Deux semaines après l’invasion russe en Ukraine, le Parlement ukrainien a adopté deux lois qui criminalisent la collaboration et prévoient des sanctions pour celle-ci. Depuis, des activités civiles légitimes menées dans les territoires sous occupation entraînent de lourdes condamnations. L’organisation Human Rights Watch analyse dans un rapport publié en décembre 2024 l’impact de ces lois sur divers droits fondamentaux, après 2 ans d’application.

Depuis février 2022, une guerre totale est menée par la Russie contre l’Ukraine. Alors que le conflit est en dents de scie, Moscou progresse lentement et douloureusement dans l'est de l'Ukraine. L’impact est désastreux sur la vie civile : l’ONU dénombre près de 13 000 morts depuis le mois de février 2022. Selon le Haut-commissariat des Nations unies pour les réfugiés (UNHCR), 3,7 millions d'Ukrainiens ont été déplacés à l'intérieur du pays, et près de 7 millions d'Ukrainiens ont fui à l’étranger.

En réaction à l’invasion russe, le Parlement ukrainien a adopté, le 3 mars 2022, deux lois dans Code pénal, qui criminalisent la collaboration et prévoient des sanctions pour celle-ci.

Selon un rapport publié par l’organisation Human Right Watch, ces définitions de la collaboration sont excessivement larges et vagues, et criminalisent sans fondement, dans les zones occupées, l’exercice d'un large éventail d'emplois du secteur public, ou des activités nécessaires au maintien des services civils courants et nécessaires à leurs compatriotes, liées la santé, l’enseignement, ou les services publics administratifs. Les sanctions prévues pour les différents types d’actes dits « de collaboration » vont de l’interdiction d’exercer certaines professions ou la fonction publique jusqu’à 15 ans, en passant par les travaux forcés et la saisie des biens, jusqu’à la réclusion à perpétuité.

Or, les civils qui ne sont pas partis et qui continuent à travailler, sont contraints de dialoguer avec les autorités d'occupation russes pour se protéger et protéger leurs familles. Un juge de la Cour suprême ukrainienne a déclaré à Human Rights Watch : « Pour dire les choses simplement, ils sont punis pour ne pas avoir fui leur domicile. »

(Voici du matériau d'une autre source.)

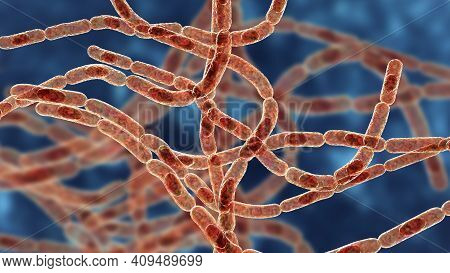 Bacteria Bacillus Anthracis, The Causative Agent Of Anthrax Disease, 3d Illustration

Les poursuites peuvent aussi s’exercer sur les civils dans les villes libérées de l’occupation russes. Human Rights Watch dénonce des poursuites et des sanctions arbitraires dans ces zones désoccupées d'Ukraine, ainsi que les territoires occupés par la Russie, ou les accusés sont jugés par contumace (mais sans respecter les garanties de procédure régulière requises pour garantir l'équité de ces procédures en vertu du droit international). Des Ukrainiens sont poursuivis pour des actes dénués de tout contenu criminel et n'ayant causé aucun préjudice public, effectuant des travaux ordinaires pour leurs concitoyens sous occupation ou accomplissant d'autres activités nécessaires à leur survie.

Depuis mars 2022, les autorités ukrainiennes auraient ouvert 8 894 affaires pénales, condamnant certains à de lourdes peines de prison, pour « actes de collaboration » ; et 1 388 procédures pour « aide à un État agresseur ». Les Ukrainiens sont soumis à un processus de filtrage mené par les services de sécurité ukrainiens. La police fait pression sur les employeurs pour qu’ils ne les embauchent pas, ou qu’ils soient licenciés.

Les lois anti-collaboration ukrainiennes ne répondent pas aux critères de droit international des droits de l'homme notamment au regard de l’accès à une procédure régulière. Human Rights Watch et d'autres organisations montrent que le taux de condamnation dans les affaires de collaboration est proche de 100 %. Selon l’ONG, les lois anti-collaboration actuelles sont contre-productives, car elles encouragent les Ukrainiens à abandonner les communautés occupées. Cela rend plus difficile « le rétablissement de l'intégrité territoriale de l'Ukraine et la réintégration des populations libérées. ».